Shareholders Okay UBA’s N22.3bn Dividend

The shareholders at the bank’s 56th Annual General Meeting, AGM held on Monday commended the Board and management of the bank on its expansion drive to other African countries and returns to shareholders.

The shareholders’ leaders, such as Mr. Boniface Okezie, Bishop Goodluck Akpore, Nonah Awoh, Timothy Adesiyan, Alhaji   Mukhtar   Mukhtar   said “We are pleased with the performance of the bank and its expansion drive to other African countries that has yielded about 46 per cent growth to the bank’s profitability.   We also commend the bank for promoting over 2000 workers of all classes, despite the unfavorable economic condition. We also hope by next year the Board should be able to increase the dividend to at least N1.00 per share. We understand the operating environment the bank had operated and hope by next year things would be better.

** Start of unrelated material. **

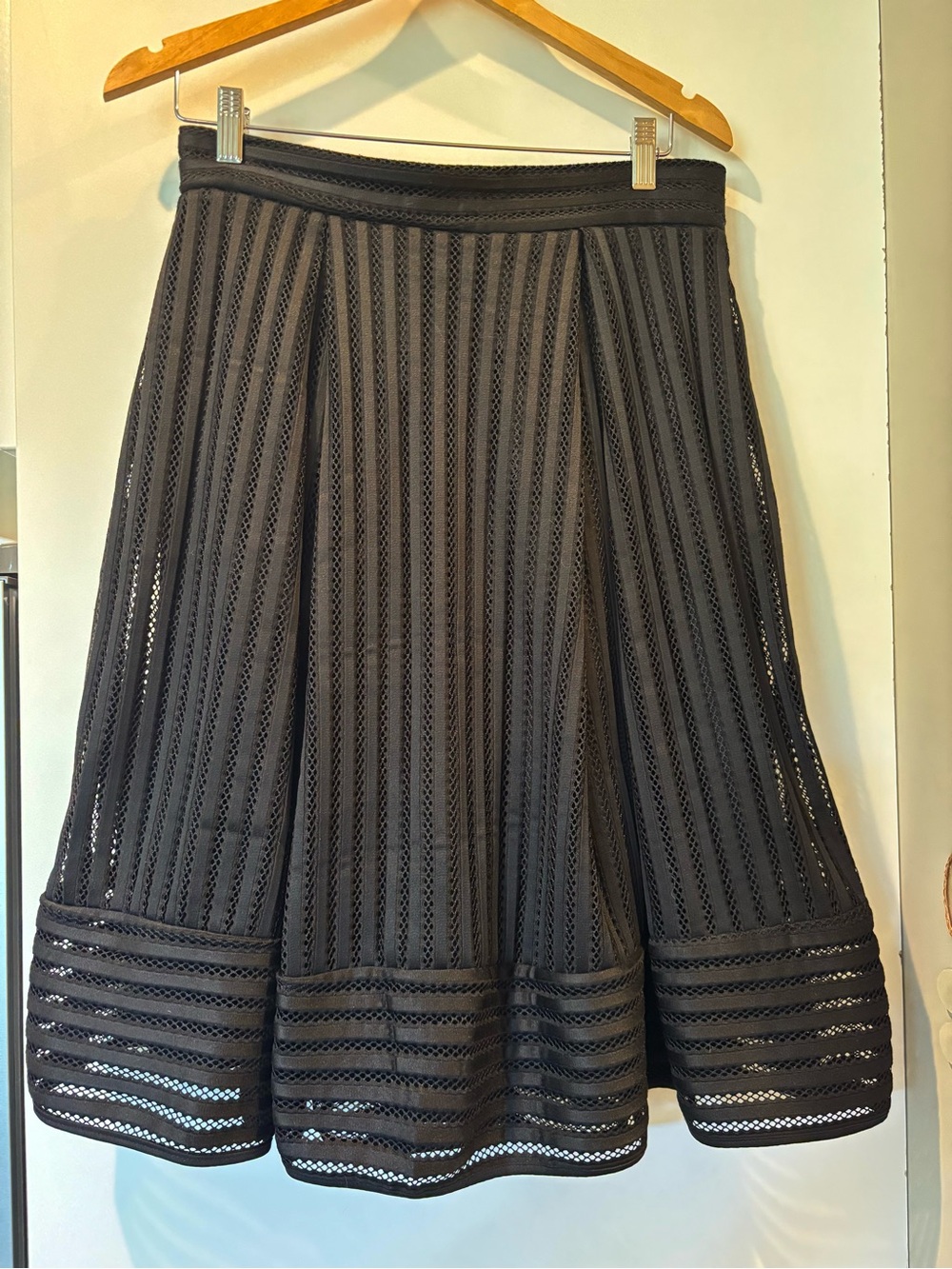 Faith and Joy black a line skirt with mesh stripes and solid lining size L NWT!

We also appreciate the Board for making us to be part owners of our subsidiaries which we are reaping.”

Addressing shareholders at the meeting, the Chairman of UBA, Mr. Tony Elumelu commended the shareholders for their invaluable contributions to the development of the bank.

According to him, “Our results show the tenacity and enterprise of our management team, the staff which you have commended and the ability to give our customers what they want. Our performance, notably in capital adequacy and risk management, illustrates the commitment of our Board to the best governance principles. We wish to focus on long term growth, which is sustainable and we will not sacrifice these goals for short term gain or advantage. We have noted your demand for higher dividend and we will do that when the revenue rises.”

The bank’s gross earnings grew substantially to N462bn, up by 20 per cent from N314bn recorded in the corresponding period of 2016.


The group reported a 16 per cent year-on-year growth in its PBT, compared to N90.6bn in the 2016 financial year. Its profit after tax also rose to N78.6bn, representing an 8.8 per cent year-on-year growth compared to N72.3bn in 2016.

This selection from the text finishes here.